Some Brentwood officials and residents have expressed concern over the possible safety effects of consolidating with ECDC.
In an interview with the Brentwood Spirit, Alderwoman Cindy Manestar said that consolidation could reduce dispatcher familiarity with Brentwood geography and emergency response resources. She also said that it could increase the ratio of dispatchers to emergency personnel. Ultimately this could lead to delays in emergency response times and result in increased risk to emergency personnel.
“While I can’t speak for anyone,” said Manestar, “I believe that the majority of officers want to keep the dispatchers they have.”
Mayor Pat Kelly agreed that the focus should be on safety.
“We need to determine what’s in the best interest of our residents and public service employees,” Kelly said. “We should be able to pay what it costs to have the best system.”
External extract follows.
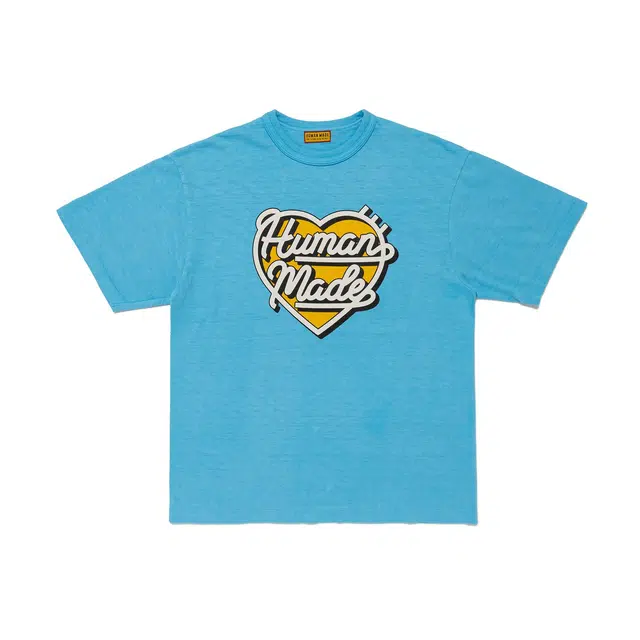 HUMAN MADE SS25 logoT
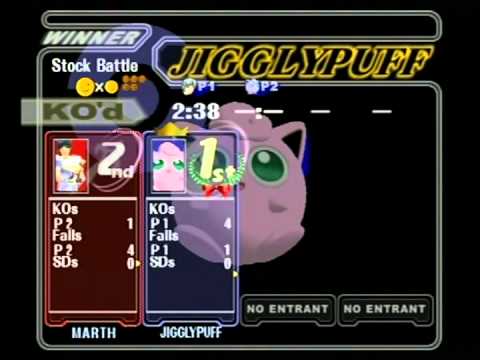 Tipperoni 5: Marth vs Puff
Kelly declined to take a position on the ECDC proposal at this time, stating that he is still evaluating it. However, he noted that lack of communication among emergency crews from different cities has posed major hazards in the past. He recalled the 1996 gasoline tanker fire near the St. Louis Galleria, during which emergency crews from several cities struggled to communicate while containing massive fires and evacuating residents.
Equipment Upgrade Due
The consolidation issue has added urgency because Brentwood’s dispatch facilities are due for an upgrade. To comply with federal mandates, Brentwood needs new equipment with better capabilities to communicate with other cities’ emergency personnel. Informal estimates by city officials put the cost of upgrading Brentwood’s dispatch at around $300,000. That cost has been paid by a county sales tax approved in 2009. However, the money could be repurposed if the upgrades are avoided via consolidation.
City officials have suggested that, because of the upgrade issue, the choice to consolidate or remain independent will lock Brentwood into its chosen policy for years to come.
Similar technological considerations were in play in the early 2000s, when Brentwood first considered joining the ECDC. Brentwood was involved in the initial planning of ECDC, but dropped out of the project before it was implemented. Brentwood had just upgraded its aging dispatch equipment, and city officials decided that the costly equipment should be put to use before consolidation.
Although much of the official ECDC debate turns on safety, there are other serious issues at stake. Residents have worried that the Brentwood dispatchers will lose their jobs. A Facebook page called “SAVE the Brentwood Dispatchers” was created on Jan. 7 and has a following of more than 240 people.
There were similar layoff worries when the ECDC was created in the early 2000s, but job losses were avoided by transferring dispatchers from the member cities to the ECDC itself. It is not publicly known whether similar transfers would save the Brentwood dispatchers.
More broadly, some see the ECDC proposal as part of a trend toward consolidation in the St. Louis metro area. In her interview, Alderwoman Manestar questioned whether this is “the first step in Brentwood losing its identity,” and stated that “this is not the direction most residents want to go in.”